Grease a 9-inch-square baking pan with nonstick spray and line with parchment paper, leaving 2 inches of overhang on two sides. In a medium saucepan, combine the brown sugar with the corn syrup. Cook over moderate heat, stirring frequently, until sugar melts and mixture begins to boil, about 5 minutes. Remove the saucepan from the heat. Whisk in the peanut butter and salt until no streaks of peanut butter remain.
In a large bowl, stir the peanut butter mixture into the rice cereal until the cereal is thoroughly coated. Using a rubber spatula, scrape the mixture into the prepared pan and gently pat it into an even layer.
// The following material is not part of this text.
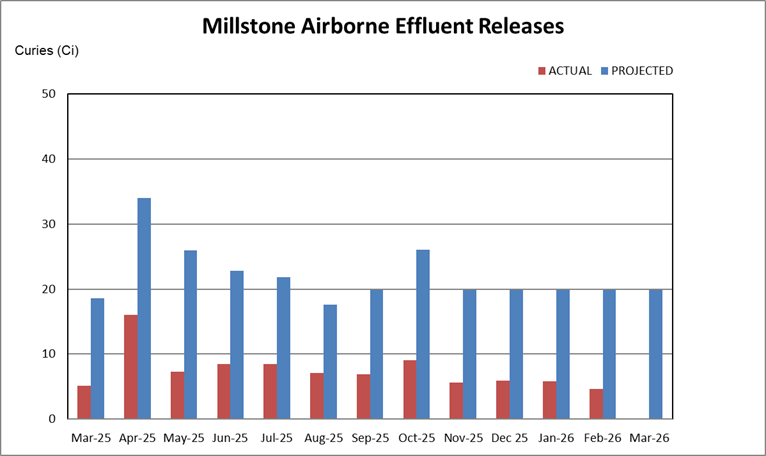 Millstone airborne effluent releases chart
In a medium heatproof bowl set over a saucepan filled with one inch of simmering water, combine the chocolate chips with the butterscotch chips and stir occasionally until thoroughly melted, about 5 minutes. Using an offset spatula, spread the melted chocolate topping over the peanut butter bars in an even layer. Refrigerate until the bars are cool and the chocolate is firm, at least 30 minutes. Using the overhanging parchment paper as a handle, transfer the slab to a work surface. Using a long, sharp knife, cut into sixteen 2-inch bars.
The scotcheroos will keep in an airtight container at room temperature for a week.